A few years ago, the Tesco was consumed by a fire that closed it for several months. During this time, the Sainsbury’s store opened for 24 hours instead of closing at 10pm. Once Tesco re-opened their doors with a newer, slightly larger store, Sainsbury’s reverted to their original opening times.
Sainsbury had exploited a gap in the market for as long as they could. Once competition resumed for 24-hour shopping, they decided to let their larger competitor take the advantage.
This is the context that Mrs May’s bid for the centre ground can be interpreted. There is a gap in the political marketplace as Labour shifts to the hard left. The Conservatives are filling it.
Conservatives do not tie themselves to a rigid political dogma. There is no equivalent of The Red Flag sung at the party conference. Conservatives do not, nor have they ever had, any kind of raised-arm political salute of the type that socialists of all kinds display. Only socialism uses the politics of hate. The Conservatives by contrast are a party that operates pragmatically in the national interest. They also exist to win elections. They are the most successful political party in history.
But what do people raised on the politics of Hayek, Friedman and the advocacy of the Adam Smith Institute and the IEA make of Mrs May’s announcements? They do not like them. Conservatism has appeared, for the last forty years, to be about reducing the state, promoting private enterprise and generally ‘getting out of the way’ of transactions and relations between individuals and corporate bodies in the private sector. It has not been about interfering in markets.
Or has it?
Margaret Thatcher’s privatisations were an extreme form of market interference. Liberalising commerce by removing state monopolies is a fundamental market intervention by creating the markets in the first place.
Markets are now not a dirty word. Mrs May’s words did not amount to a repudiation of Thatcherism. Thatcherism can be regarded as a corrective to the economic dictatorship imposed on the country by the Atlee government of 1945, then a necessity to help the country recover from a nation-bankrupting world war while avoid political dislocation. By the 1960s, the State needed to let go of several parts of the economy. Even the trades unions objected to statutory incomes policies and were willing to topple governments to get their way in the 1970s.
The UK electorate’s rejection of the EU was a commentary on the current political and economic settlement. Advocates of the status quo appeared to be exclusively people who had benefited from it. This is what Michael Gove meant when he complained that voters had had enough of being lectured by experts, who tend to be well-paid. It is common knowledge that some of the annual multi-billion EU budget is spent on handsomely rewarding promotion of its existence in not-so-obvious ways.

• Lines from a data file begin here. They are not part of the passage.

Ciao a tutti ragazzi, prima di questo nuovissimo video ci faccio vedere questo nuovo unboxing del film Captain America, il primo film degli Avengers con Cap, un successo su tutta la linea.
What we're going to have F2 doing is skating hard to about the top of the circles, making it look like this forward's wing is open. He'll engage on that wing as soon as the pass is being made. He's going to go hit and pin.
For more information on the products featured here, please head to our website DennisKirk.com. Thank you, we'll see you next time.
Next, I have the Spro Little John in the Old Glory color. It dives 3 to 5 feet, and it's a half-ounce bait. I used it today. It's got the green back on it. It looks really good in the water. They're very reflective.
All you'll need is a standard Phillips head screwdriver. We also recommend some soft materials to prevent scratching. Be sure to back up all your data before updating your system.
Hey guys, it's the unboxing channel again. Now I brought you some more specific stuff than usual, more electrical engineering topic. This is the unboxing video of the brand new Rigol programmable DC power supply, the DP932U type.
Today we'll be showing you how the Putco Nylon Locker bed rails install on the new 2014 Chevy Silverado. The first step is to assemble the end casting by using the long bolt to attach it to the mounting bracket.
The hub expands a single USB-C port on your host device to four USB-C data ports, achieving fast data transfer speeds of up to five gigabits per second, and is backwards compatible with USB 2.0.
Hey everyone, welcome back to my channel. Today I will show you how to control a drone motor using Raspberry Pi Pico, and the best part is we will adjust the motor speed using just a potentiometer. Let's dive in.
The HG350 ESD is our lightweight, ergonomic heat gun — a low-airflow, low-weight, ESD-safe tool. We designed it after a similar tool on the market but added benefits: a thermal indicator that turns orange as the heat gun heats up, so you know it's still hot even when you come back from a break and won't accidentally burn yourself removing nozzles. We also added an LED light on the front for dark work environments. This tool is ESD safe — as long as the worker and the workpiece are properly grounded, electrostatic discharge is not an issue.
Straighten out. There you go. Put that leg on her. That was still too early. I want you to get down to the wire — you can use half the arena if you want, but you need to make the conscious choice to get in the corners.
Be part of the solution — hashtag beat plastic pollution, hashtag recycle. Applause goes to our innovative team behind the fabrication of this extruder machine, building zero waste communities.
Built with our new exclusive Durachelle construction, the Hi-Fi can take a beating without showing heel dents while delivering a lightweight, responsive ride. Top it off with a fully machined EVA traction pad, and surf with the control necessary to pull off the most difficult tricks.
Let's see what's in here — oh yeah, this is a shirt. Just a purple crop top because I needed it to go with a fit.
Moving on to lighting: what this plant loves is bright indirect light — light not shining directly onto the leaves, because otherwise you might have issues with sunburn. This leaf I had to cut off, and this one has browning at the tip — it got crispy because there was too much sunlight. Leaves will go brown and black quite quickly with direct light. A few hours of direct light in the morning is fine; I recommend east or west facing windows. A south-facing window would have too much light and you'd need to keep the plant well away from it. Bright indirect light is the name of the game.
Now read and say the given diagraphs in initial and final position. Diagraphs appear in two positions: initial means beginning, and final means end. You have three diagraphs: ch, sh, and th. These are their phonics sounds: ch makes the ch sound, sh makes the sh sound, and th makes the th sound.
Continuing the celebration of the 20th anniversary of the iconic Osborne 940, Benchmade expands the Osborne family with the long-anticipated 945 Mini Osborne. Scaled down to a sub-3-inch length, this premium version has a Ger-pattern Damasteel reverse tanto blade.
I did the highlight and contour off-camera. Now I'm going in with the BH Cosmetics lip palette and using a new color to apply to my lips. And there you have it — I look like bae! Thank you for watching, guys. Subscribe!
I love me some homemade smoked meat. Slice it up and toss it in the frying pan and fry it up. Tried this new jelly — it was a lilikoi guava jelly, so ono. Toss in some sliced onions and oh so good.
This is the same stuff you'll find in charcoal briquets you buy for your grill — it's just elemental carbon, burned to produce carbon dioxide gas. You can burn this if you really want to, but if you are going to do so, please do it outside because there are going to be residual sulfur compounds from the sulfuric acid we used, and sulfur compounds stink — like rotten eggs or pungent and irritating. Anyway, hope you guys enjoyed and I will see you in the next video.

The referendum was a ‘Summer of Discontent’, but does not appear to be leading to an economic winter. At present the only economic meltdown on the horizon is the German banking system. But something has to change.
The Conservative Party is in the market for votes. Unlike Labour, it does not believe in ‘no compromise with the electorate’. If there are votes to be had from former Labour or Liberal Democrat voters, the Conservatives would be foolhardy to turn them down. This is not political prostitution. It is called democracy.
Mrs May follows David Cameron by making a ‘big, open and comprehensive offer’, not to another party, but to the entire country, including people who did not vote Conservative. This is a Conservative social democracy she is offering, redressing some of the excesses of market capitalism and the gaming of the tax system, while introducing more opportunities for people willing to take them. This will always be better than Labour’s democratic socialism, kow-towing to the unions by approving overmanning and unrealistic wage rises.
Her support for an expanded role for the State may also include reform of state services, reducing the stranglehold of unionisation. A party of the centre, governing for all the people and enjoying high poll ratings, will have greater legitimacy to dismantle the statist socialism imposed on the British people irrespective of electoral outcomes by a permanent threat of industrial action from the soviet-style unions we reluctantly endure.
Instead of taking conservatism out of the party, Mrs May brings it to more people than ever before. Conservative social democracy has the potential to eradicate extremist socialism and the divisive politics of identity from our shores within a generation. Free-marketers may object, but these are not the first steps on the road to serfdom.